**Requirement**
Retype all entries exactly as they stand, excluding pictures.

- Opening Delimiter -

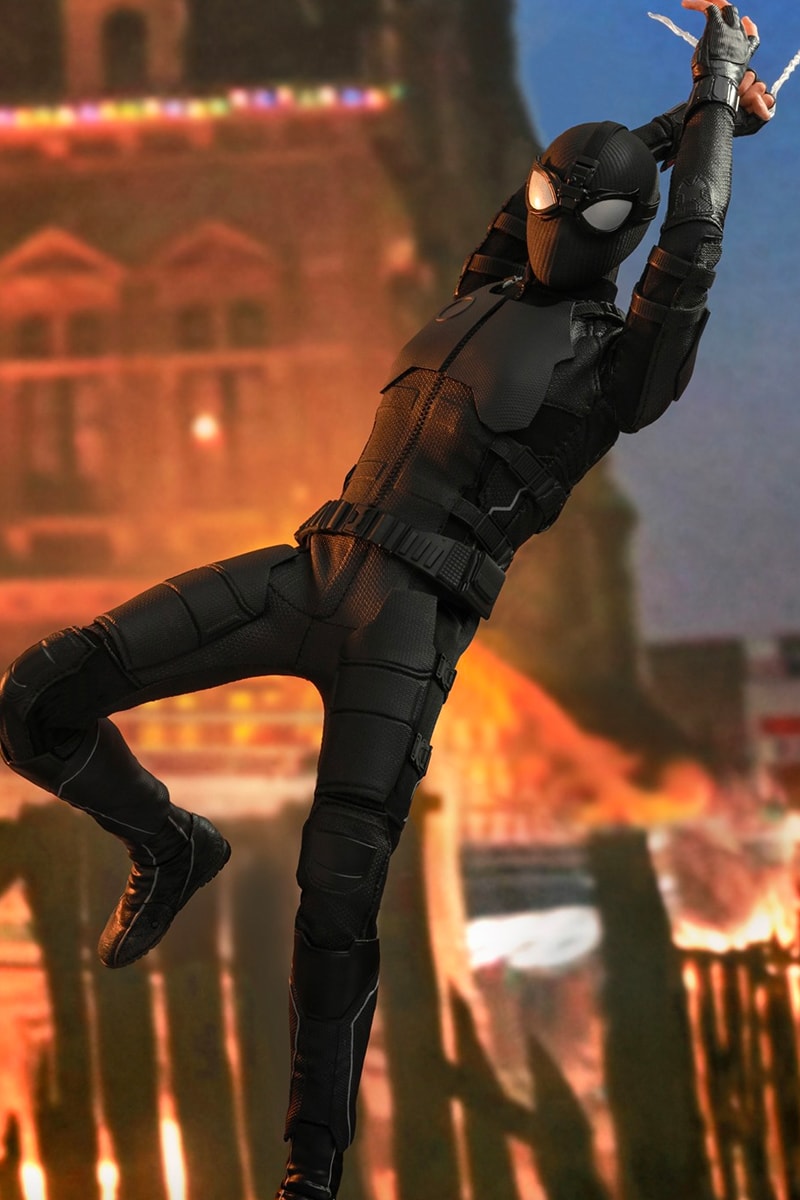 Hot Toys  Spider Man Stealth Suit far from home marvel studios cinematic universe disney avengers tom holland peter parker 1 6th collectible figure 
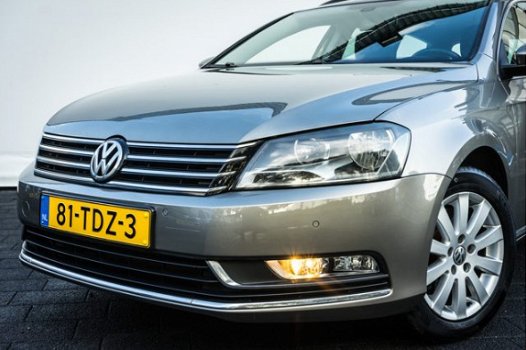 Volkswagen Passat Variant - 1.6 TDI Comfortline Nieuwe distributieriem Full map navigatie/ Lmv/ Pdc - 1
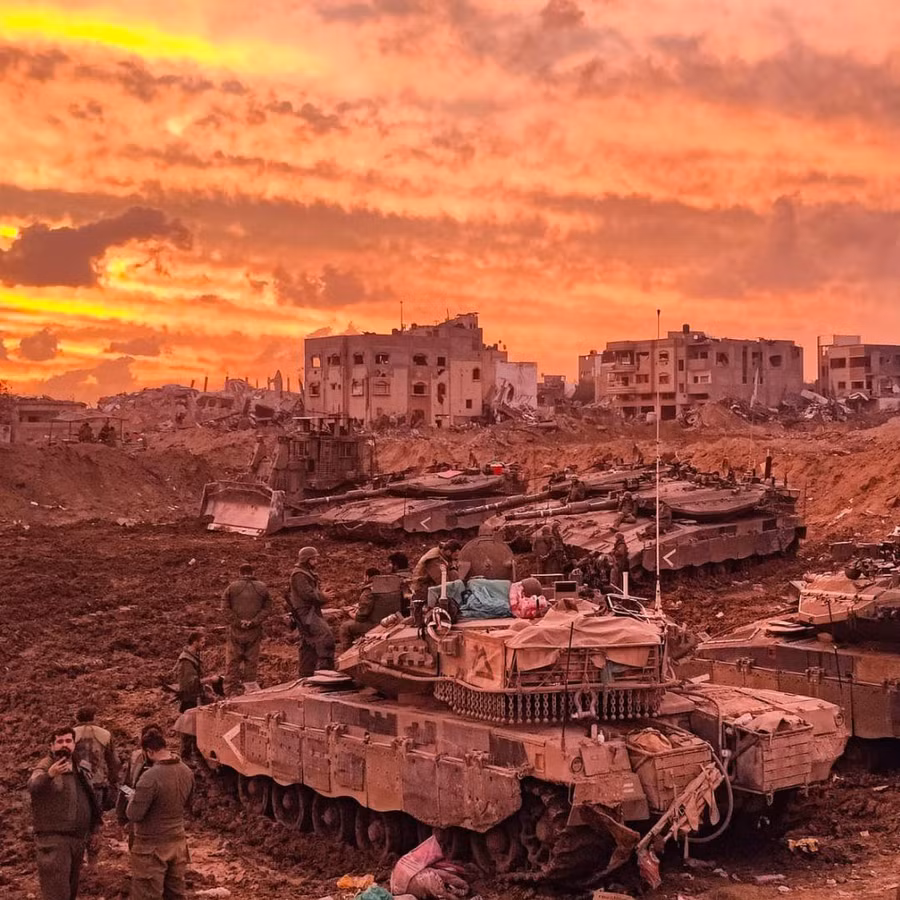 Vai trò của xe tăng vẫn còn rất quan trọng đối với Quân đội Israel. Vai trò của xe tăng vẫn còn rất quan trọng đối với Quân đội Israel.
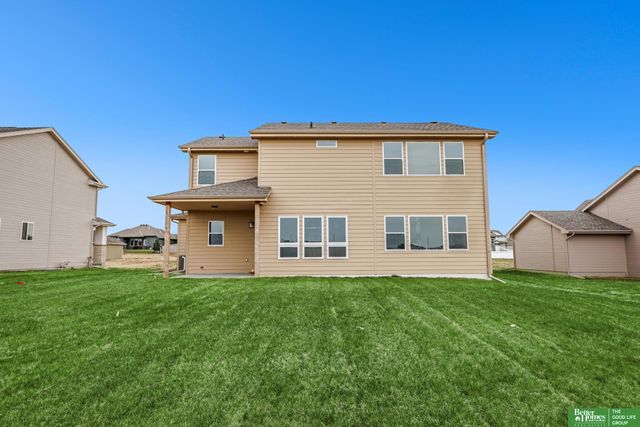 19952 Cinnamon Street, Omaha, NE 68136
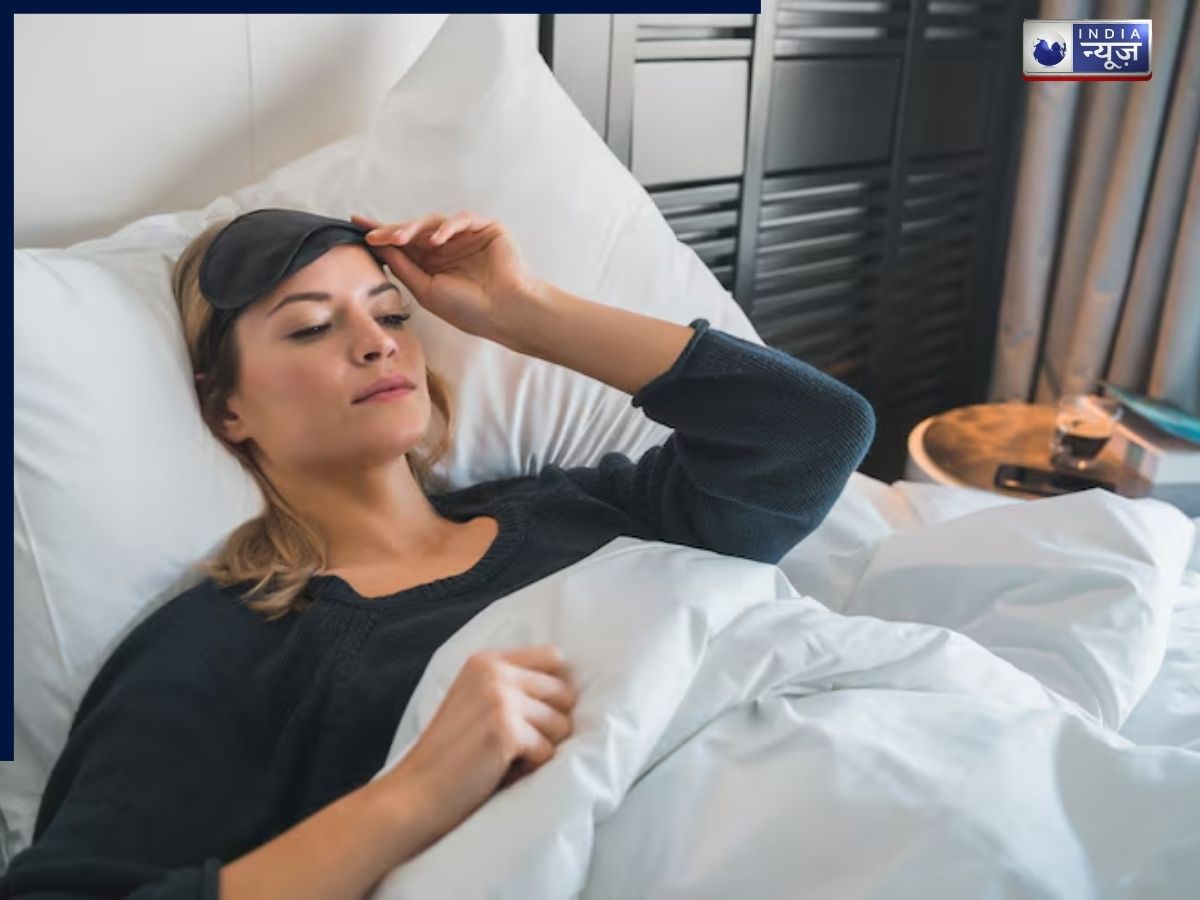 Lack of Sleep: देर रात जागना पड़ सकता है भारी! नींद की कमी से हो सकती है ये खतरनाक समस्या, एक्सपर्ट से जानें बचाव का रास्ता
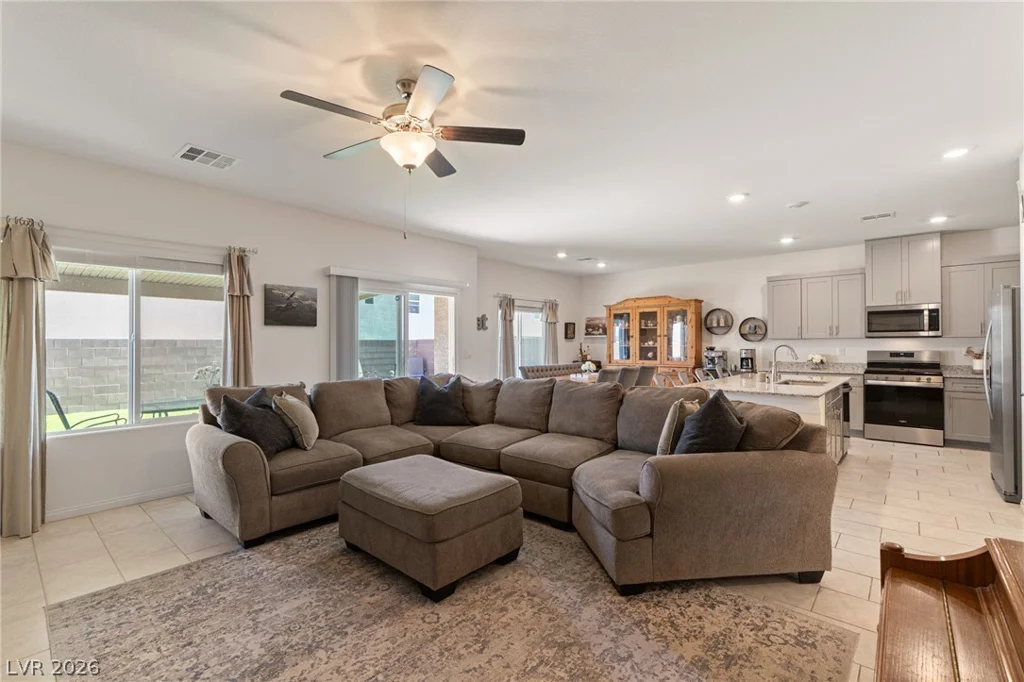 1892 Lawley Cove, North Las Vegas, NV 89084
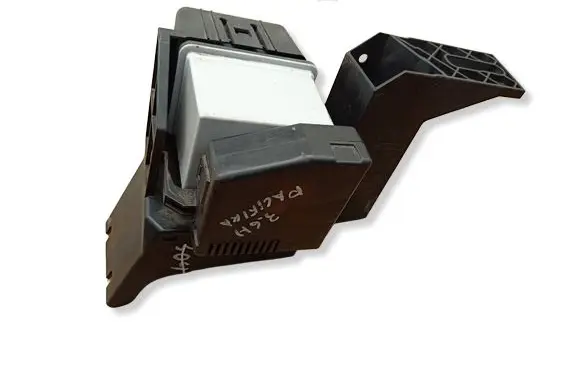 Chrysler Pacifica Active carbon filter fuel vapour canister 52030105AB 12096 93785W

- Closing Delimiter -

**Worked solution**
 Hot Toys  Spider Man Stealth Suit far from home marvel studios cinematic universe disney avengers tom holland peter parker 1 6th collectible figure 
 Volkswagen Passat Variant - 1.6 TDI Comfortline Nieuwe distributieriem Full map navigatie/ Lmv/ Pdc - 1
 Vai trò của xe tăng vẫn còn rất quan trọng đối với Quân đội Israel. Vai trò của xe tăng vẫn còn rất quan trọng đối với Quân đội Israel.
 19952 Cinnamon Street, Omaha, NE 68136
 Lack of Sleep: देर रात जागना पड़ सकता है भारी! नींद की कमी से हो सकती है ये खतरनाक समस्या, एक्सपर्ट से जानें बचाव का रास्ता
 1892 Lawley Cove, North Las Vegas, NV 89084
 Chrysler Pacifica Active carbon filter fuel vapour canister 52030105AB 12096 93785W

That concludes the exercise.